The Premier's Labor MPs have also been damaged. What have we heard from any of them about this crisis? Crickets. Are we to believe that all these MPs really think Malinauskas’ much-cited conscience (especially regarding himself) is a truer guide to moral and political reality than the 180 or so writers from around the world who withdrew from the event over a matter of conscience?

Books and readers are also obvious losers, as are those whose income depends on events like this — writers, publishers, the hospitality industry and the staff that make Writers' Week the unique event it was. (Malinauskas, in one of his uncomfortable interviews in the days following the removal of Randa Abdel-Fattah, asserted that there is no loss of income to the state, because it is largely a free festival event. How little the downstream effects on the livelihoods of the many people losing income seem to occur to him.)

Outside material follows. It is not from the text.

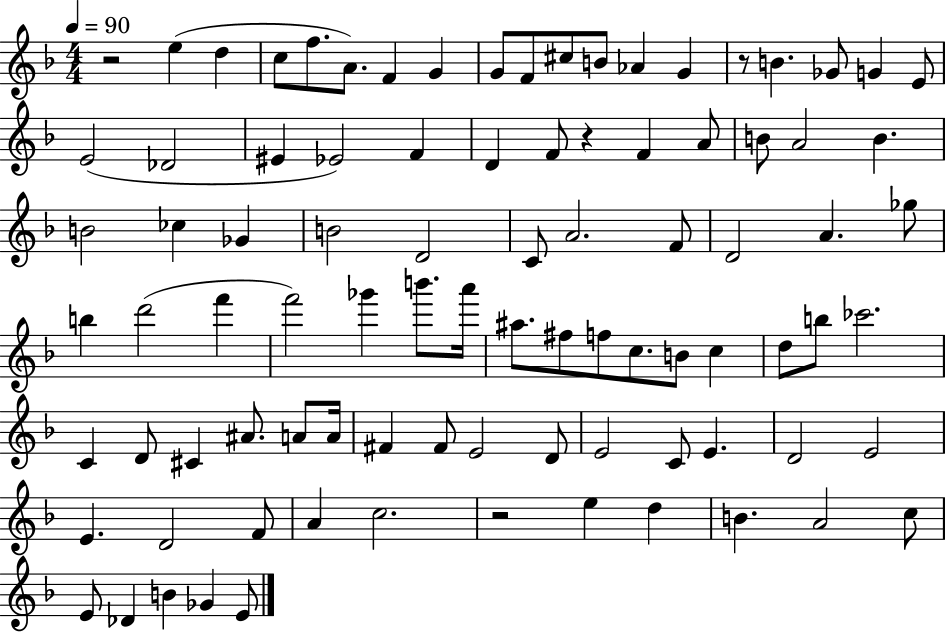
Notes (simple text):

The Zionist cause is also a loser. These people may have won the battle of getting a Palestinian Australian writer removed from the program, but at the price of many more people asking questions about the insidious lobbying that went on behind the scenes. Playing any role in the destruction of the most important literary event in Australia is not going to help their cause.

Questions will be asked, not only about how and what lobby groups played a role in this decision. But about the role of behind-the-scenes lobby groups in Australia more generally. (The Zionist lobby is a case in point when it comes to anything to do with the actions of the State of Israel regarding Palestinians since 7 October.)

And nor is the Zionist cause helped by renewed focus on the politics of the Gaza genocide — a term used here as it is in the United Nations report into the matter.

Dr Randa Abdel-Fattah’s appearance may have been cancelled. Yet opinion polls show a majority of Australians believe Israel’s war in Gaza to be terribly wrong.

Winners

Abdel-Fattah, in addition to selling more books than she probably ever dreamed of, has been a front-page story for over a week.The decision to uninvite her has led directly to more promulgation of her views, past and present, than she could ever achieve from a hundred Writers' Weeks.

And the sky hasn’t fallen in, despite Malinauskas’ dire warnings in his 2 January letter that Abdel-Fattah’s ideas, if spoken out loud at the Festival, would lead to the collapse of social cohesion and great harm.

What next?

Firstly, it is hoped that the defamation trial involving the Premier goes ahead. Just as the Bruce Lehrmann defamation trial brought much-needed clarity to murky, distasteful and ultimately criminal words and actions, the same clarification process could happen here. What does “cultural safety” mean? What is the proper exercise of a Premier’s authority? When is a line crossed when a Premier decides to go after someone? What does the Premier mean by “hateful”? And so on.

Secondly, it is hoped that Albanese’s ersatz Royal Commission into hate speech, anti-semitism and associated matters will investigate this whole inglorious matter.

It is impossible to believe that these words of Peter Malinauskas are the last we are going to hear about them:

“Can you imagine if a far-right Zionist walked into a Sydney mosque and murdered 15 people? Can you imagine that as Premier of this state, I would actively support a far-right Zionist going to Writers’ Week and speaking hateful rhetoric towards Islamic people? Of course, I wouldn’t.”

Dr Michael Galvin is an adjunct fellow at Victoria University and a former media and communications academic at the University of South Australia.